This retrospective study enrolled children with AML treated at our institution between March 2012 and March 2023. AML diagnoses were based on morphology, flow cytometry, immunohistochemistry, and genetic testing, following the latest WHO pediatric classification system [11]. The inclusion criteria were as follows: (1) aged < 18 years at diagnosis and (2) AML diagnosis confirmed at our institution. The exclusion criteria were as follows: (1) incomplete clinical data and (2) patients who were untreated after diagnosis. Follow-up was conducted via outpatient visits or phone consultations until January 2024.

A total of 111 patients were included and divided into NUP98-R-positive (n = 10) and NUP98-R-negative (n = 101) groups. Clinical characteristics, treatment responses, and prognoses were compared between the groups. The study was approved by the Ethics Committee of the Union Hospital of Tongji Medical College, Huazhong University of Science and Technology (No. 2024–0753). Written consent for the publication of the details of three cases was obtained from the patients' parents.
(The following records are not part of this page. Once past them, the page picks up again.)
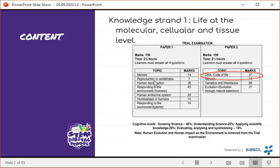This is under knowledge strand one, which is life at the molecular, cellular and tissue level. During the trial examination or your prelim paper, DNA the code of life will be 37 marks. The other marks will be contributed by meiosis, genetics and inheritance, as well as evolution through natural selection.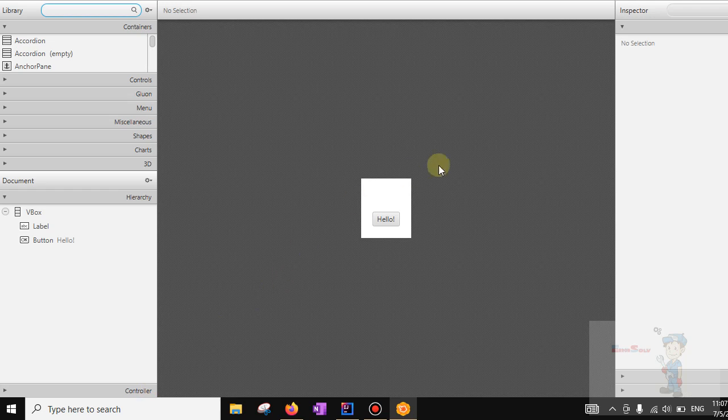Now we can see the program is opened in Scene Builder. That is the required configuration. Thank you.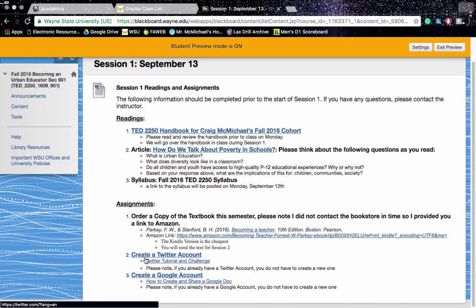In addition, we're going to be using Twitter and also Google for education applications. So before class next week, please make sure you create both a Twitter and a Google account.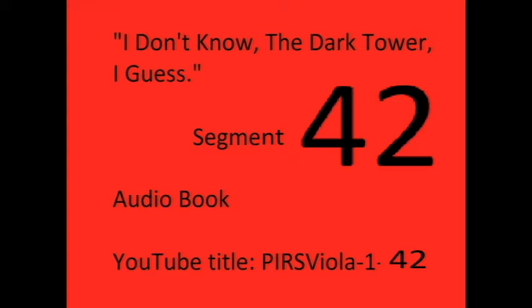Hello everybody, it's Peter, Peter with an I, S-T-A-W-A-R-T, and welcome to segment 42 of... I don't know, the Dark Tower, I guess?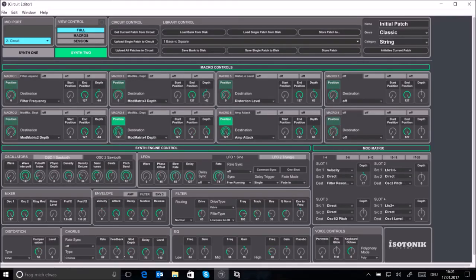To further improve this sound I'll apply some chorus to it but again not too much.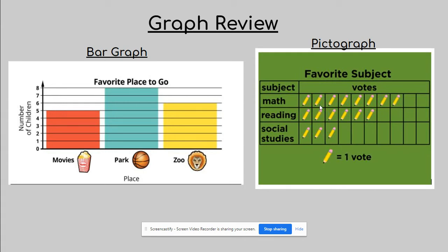So looking again, I see that math has one, two, three, four, five, six, seven, eight votes. Reading has one, two, three, four, five, six votes. And social studies has one, two, three votes. So it's totally fine that you can count those votes. You're counting each one by one according to what the key is telling us.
Bone marrow (BM) samples from pediatric patients were collected via PAXgene Blood RNA Tubes. Genomic DNA was extracted with the QIAamp DNA Blood Mini Kit. For targeted analysis of structural variants (SVs) and single-nucleotide variants (SNVs), a customized panel of biotinylated oligoprobes (Roche NimbleGen) was designed to capture likely gene breakpoints and hotspot mutations in hematological malignancies identified in prior leukemia studies.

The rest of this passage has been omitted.